Answer
The given point lies in quadrant II.
Work Step by Step
Here, $\left( r,\theta \right)$ is a polar coordinate defined by the formula as:
$p\left( r,\theta \right)=r\cos \theta +ir\sin \theta $ …….(1)
Define the real value $r\cos \theta$ on the x-axis and define the imaginary value $r\sin \theta $ on the y-axis.

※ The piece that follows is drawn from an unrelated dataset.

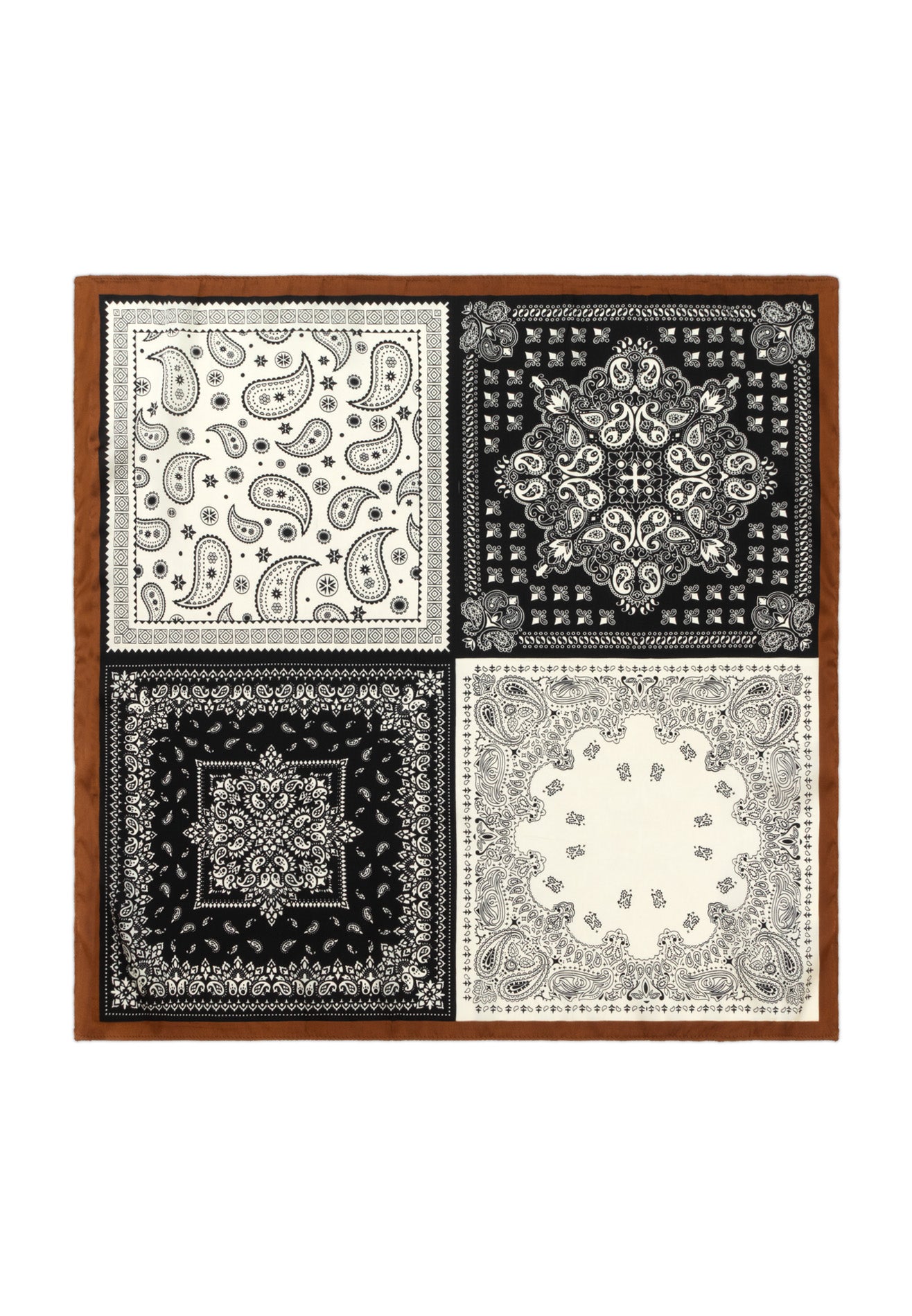 DRUM 4 style Printed Details Satin Bandana/Scarf - Black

Then, put the value of $\left( r,\theta \right)=\left( 4,135{}^\circ \right)$ in equation (1),
Therefore,
$\begin{align}
& p\left( r,\theta \right)=r\cos \theta +ir\sin \theta \\
& =\left( 4\cos 135{}^\circ \right)+i\left( 4\sin 135{}^\circ \right) \\
& =\left( 4\times \left( -0.707 \right) \right)+i\left( 4\times \left( 0.0883 \right) \right) \\
& =\left( -2.828 \right)+i\left( 0.3532 \right)
\end{align}$
Now, by comparing it with the equation in the rectangular coordinates, we get:
$p\left( x,y \right)=x+iy$
Hence, the rectangular coordinate is:
$x=-2.828\,\,\,\text{ and }\,\,y=0.3532$
So,
$\left( x,y \right)=\left( -2.828,0.3532 \right)$
Since $x=-2.828$ is negative in nature then it will lie in the second and third quadrant, while $y=0.3532$ is positive so it will lie in the first and second quadrant.
So the point lies in quadrant II.